Vorige week was ik in een natuurbad bij Nieuwersluis. Een kleine plas vlakbij de Vecht. Je ziet vanuit het zwembad de boten voorbij varen. Het bestaat al ruim tachtig jaar maar is bij velen onbekend. Het was er heerlijk. De kleur van het water herinnerde mij aan het fort waarin ik lang geleden had leren zwemmen. Fort Ruigenhoek in Groenekan, vlakbij Utrecht. Een deel van de fortgracht is bestemd voor een zwembad. Het heet De Kikker. Negentig jaar oud.

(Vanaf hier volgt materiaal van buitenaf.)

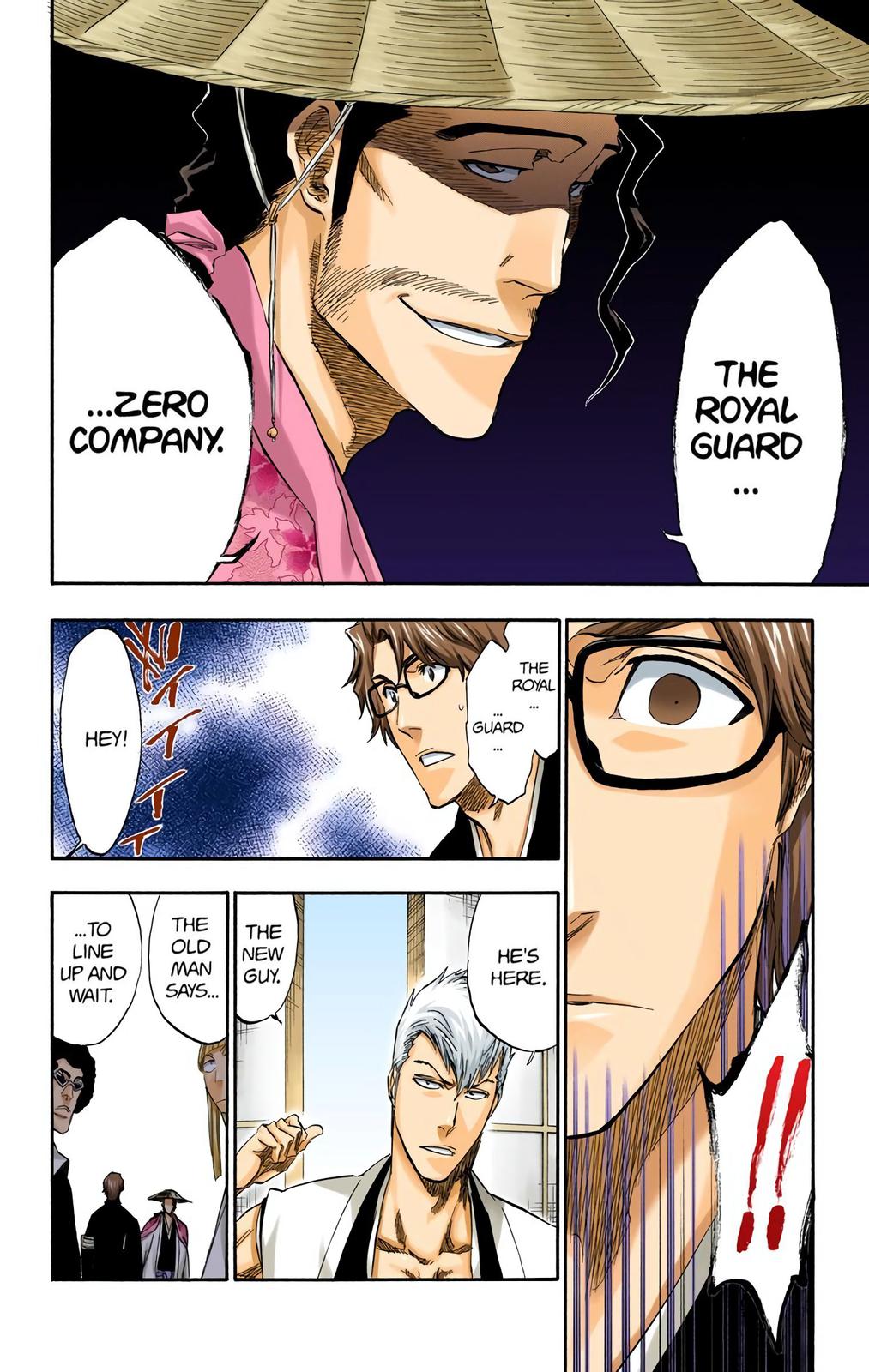 Read Bleach (Color) Manga Online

Het is eind april 1961. Woensdagochtend, 06.15 uur. Je kunt de klok erop gelijk zetten. Precies op die tijd horen mijn zus en ik mijn moeder op de trap. De deur van onze zolderkamer zwaait open. `Eins, Zwei, Drei, raus mit den Beinen` Er is geen ontkomen aan. Aankleden, badpak al aan, wat te eten. De fietsen staan al klaar. We vertrekken. Het is 06.45 uur, nog donker en koud. Mijn zus achterop bij mijn moeder en ik op mijn eigen fiets ernaast. Mijn broer fietst ook ergens richting zwembad. Waarschijnlijk vóór ons. Twintig minuten fietsen door de polder.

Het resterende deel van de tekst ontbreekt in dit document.